Perlmonks (who are the pros in everything in perl, most of the time) had their run at it several times, but I wasn't quite satisfied about the depth of the analysis. I need the perfect trim!
So - following the Monk mindset - I gathered a few ideas, among my usual one, and threw them in two testing modules, namely Benchmark and Test::More; first to see the speed and second to check corectness. Actually, it's been the other way around: first I have thrown out those which were buggy and benchmarked the rest.

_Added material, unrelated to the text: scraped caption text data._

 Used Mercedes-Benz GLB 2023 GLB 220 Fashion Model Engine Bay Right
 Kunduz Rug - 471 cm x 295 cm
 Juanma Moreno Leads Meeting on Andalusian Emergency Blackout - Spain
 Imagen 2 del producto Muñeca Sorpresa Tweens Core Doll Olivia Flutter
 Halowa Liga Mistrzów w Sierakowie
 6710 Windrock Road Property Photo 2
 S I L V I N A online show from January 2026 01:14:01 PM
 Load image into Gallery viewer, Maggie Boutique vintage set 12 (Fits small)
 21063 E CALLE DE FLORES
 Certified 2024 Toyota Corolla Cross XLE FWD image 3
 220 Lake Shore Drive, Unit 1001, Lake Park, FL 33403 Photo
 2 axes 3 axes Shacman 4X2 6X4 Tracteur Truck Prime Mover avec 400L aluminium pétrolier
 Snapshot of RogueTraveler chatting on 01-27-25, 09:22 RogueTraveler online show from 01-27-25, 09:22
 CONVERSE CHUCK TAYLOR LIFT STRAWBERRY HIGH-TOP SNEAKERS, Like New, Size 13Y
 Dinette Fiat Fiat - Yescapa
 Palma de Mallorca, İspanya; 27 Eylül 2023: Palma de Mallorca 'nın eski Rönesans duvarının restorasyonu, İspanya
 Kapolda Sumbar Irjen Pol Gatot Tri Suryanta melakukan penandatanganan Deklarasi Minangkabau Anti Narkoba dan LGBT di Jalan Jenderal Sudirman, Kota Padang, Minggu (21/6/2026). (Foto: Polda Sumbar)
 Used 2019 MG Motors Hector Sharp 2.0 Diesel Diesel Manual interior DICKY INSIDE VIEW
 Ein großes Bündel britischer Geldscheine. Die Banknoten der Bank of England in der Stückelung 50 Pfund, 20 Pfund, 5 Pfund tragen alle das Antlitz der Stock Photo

So here are those who did not fail the tests:
grin1 => '$str =~ s/^\s*(.*?)\s*$/$1/;',
mre => '$str =~ s/^\s*((?:.*\S)?)\s*$/$1/;',
silly => '$str =~ s/^\s+//; $str=reverse $str; $str =~ s/^\s+//; $str=reverse $str;',
hellish => '$str =~ s/^\s*//; $str =~ s/\s*$//;',
hellish2=> '$str =~ s/^\s+//; $str =~ s/\s+$//;',
split => '$str =~ s/^\s+|\s+$//g;',
te_tri => '$str =~ s/\A\s+//; $str =~ s/\s+\z//;',
First one was what I usually used, and the rest was advised in various places. The benchmark said:
mre: 13.8181 wallclock secs (13.67 usr + 0.01 sys = 13.68 CPU) @ 730994.15/s (n=10000000)
grin1: 11.2415 wallclock secs (10.81 usr + 0.04 sys = 10.85 CPU) @ 921658.99/s (n=10000000)
hellish: 6.81456 wallclock secs ( 6.50 usr + 0.01 sys = 6.51 CPU) @ 1536098.31/s (n=10000000)
silly: 4.13783 wallclock secs ( 4.14 usr + 0.00 sys = 4.14 CPU) @ 2415458.94/s (n=10000000)
hellish2: 1.69636 wallclock secs ( 1.70 usr + 0.00 sys = 1.70 CPU) @ 5882352.94/s (n=10000000)
te_tri: 1.70796 wallclock secs ( 1.70 usr + 0.00 sys = 1.70 CPU) @ 5882352.94/s (n=10000000)
split: 1.03471 wallclock secs ( 1.04 usr + 0.00 sys = 1.04 CPU) @ 9615384.62/s (n=10000000)
which is quite an interesting result. My version was quite a good one until I have removed those which were slower AND buggy. Now not quite that fast anymore.
One important point: this is perl v5.18.1, and it seems that optimalisations in perl code matter.
Due to that may have happened the biggest surprise that hellish code was magnitudes slower than anything else due to many matching failures in matching the ending and now it ran quite good. The silly method gave fast results either which shows how slow the end matching still is.
But to my greatest surprise the winner was the split method using repeated matches, which was faster than the method used in Text::Trim module (which is using the fancy way of the fixed up hellish2 regexp pair), and not by a small margin but almost twice as fast. And, oh, ten times faster than my original. :-)
So now I know what to use. :-)